14 DAY TRIAL // According to new measurements conducted via the NASA/ESA Hubble Space Telescope, it would appear that the largest known galaxy cluster in the Universe is in fact 43 percent heavier than originally estimated. The object, known as ACT-CL J0102-4915 or El Gordo (the fat one, in Spanish), has been determined to weigh 3 million billion solar masses.
Astronomers operating Hubble were able to reach this conclusion after they measured the amount of gravitational distortion the cluster triggered in light released by objects around and behind it. Finding background galaxies for a cluster located around 9.7 billion light-years away was a challenge, but one that was easily surpassed with this telescope's huge observations power.
One of the most interesting aspects related to this cluster is that it existed at a time when the Universe was just a fraction of its current age. The Big Bang is estimated to have occurred roughly 13.75 billion years ago, which means that El Gordo already weighed 3 quadrillion solar masses 4 billion years later. Exactly how the cluster got to grow so fast remains a mystery to astronomers.
Hubble was able to conduct such precise measurements of its mass through a method called weak lensing, wherein the telescope's sensitive detectors analyzed how the extreme weight of the cluster created subtle distortions in the space around it. Light coming from even more distant galaxies behind El Gordo was also distorted, so scientists measured the intensity of this phenomenon.
Theory suggests that the more mass is stored in a cluster, the more it will distort light. Based on the amount of light distortion seen around El Gordo, scientists at the University of California in Davis (UCD) determined that the cluster must weigh 3 quadrillion solar masses. The structure contains several hundred galaxies, plus a massive number of gas clouds throughout its interior.

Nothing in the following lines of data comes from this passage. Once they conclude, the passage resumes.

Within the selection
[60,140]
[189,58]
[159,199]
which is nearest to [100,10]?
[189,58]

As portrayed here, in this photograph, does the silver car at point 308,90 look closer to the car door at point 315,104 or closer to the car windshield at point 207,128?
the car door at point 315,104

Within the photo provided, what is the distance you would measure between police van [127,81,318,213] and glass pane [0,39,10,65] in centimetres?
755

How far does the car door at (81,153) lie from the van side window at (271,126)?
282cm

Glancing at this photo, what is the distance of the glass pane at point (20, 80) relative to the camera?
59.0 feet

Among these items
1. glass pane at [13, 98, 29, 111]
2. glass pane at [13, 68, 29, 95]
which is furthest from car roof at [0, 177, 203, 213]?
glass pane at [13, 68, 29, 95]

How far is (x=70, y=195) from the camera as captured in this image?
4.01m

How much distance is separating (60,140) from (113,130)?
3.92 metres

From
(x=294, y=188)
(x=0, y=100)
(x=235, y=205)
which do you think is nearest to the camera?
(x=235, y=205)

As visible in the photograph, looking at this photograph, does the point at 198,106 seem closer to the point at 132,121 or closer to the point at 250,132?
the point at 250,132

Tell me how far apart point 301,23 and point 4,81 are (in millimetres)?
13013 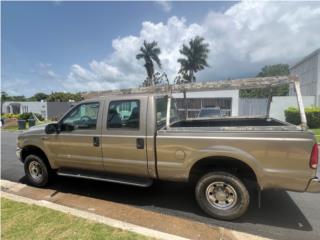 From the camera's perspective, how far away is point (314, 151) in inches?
120

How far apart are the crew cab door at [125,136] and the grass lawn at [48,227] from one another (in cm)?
110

“What I did is basically look at the shapes of the background galaxies that are farther away than the cluster itself. It's given us an even stronger probability that this is really an amazing system very early in the Universe,” says UCD expert and lead study author, James Jee. He explains that a large part of the mass in El Gordo must be accounted for by dark matter.
“We were in dire need for an independent and more robust mass estimate given how extreme this cluster is and how rare its existence is in the current cosmological model,” explains University of Illinois in Urbana-Champaign (UIUC) expert Felipe Menanteau, a member of the research team.

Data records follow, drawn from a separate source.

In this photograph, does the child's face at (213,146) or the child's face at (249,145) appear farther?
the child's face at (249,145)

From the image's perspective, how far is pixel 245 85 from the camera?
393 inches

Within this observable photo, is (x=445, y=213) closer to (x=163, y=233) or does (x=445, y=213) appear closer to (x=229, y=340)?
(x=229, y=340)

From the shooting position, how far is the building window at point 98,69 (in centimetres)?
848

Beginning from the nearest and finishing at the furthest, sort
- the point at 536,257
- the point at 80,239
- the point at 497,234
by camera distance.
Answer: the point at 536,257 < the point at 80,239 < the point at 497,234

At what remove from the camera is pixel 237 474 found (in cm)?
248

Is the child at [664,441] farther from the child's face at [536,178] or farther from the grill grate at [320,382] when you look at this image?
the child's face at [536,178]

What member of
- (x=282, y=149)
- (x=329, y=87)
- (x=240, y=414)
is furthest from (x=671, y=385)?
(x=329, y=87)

“There was all this kinematic energy that was unaccounted for and could potentially suggest that we were actually underestimating the mass,” he goes on to say. Previous estimates of El Gordo's weight were based on measurements conducted in January 2012 with the NASA Chandra X-ray Observatory.
The European Southern Observatory's (ESO) Very Large Telescope (VLT) at the Paranal Observatory, in Chile, also contributed galaxy velocity measurements to the 2012 estimates. However, the issue was that the cluster might have been in the process of forming via a merger between two smaller clusters. This is where the sensitivity of Hubble came in, and solved the problem.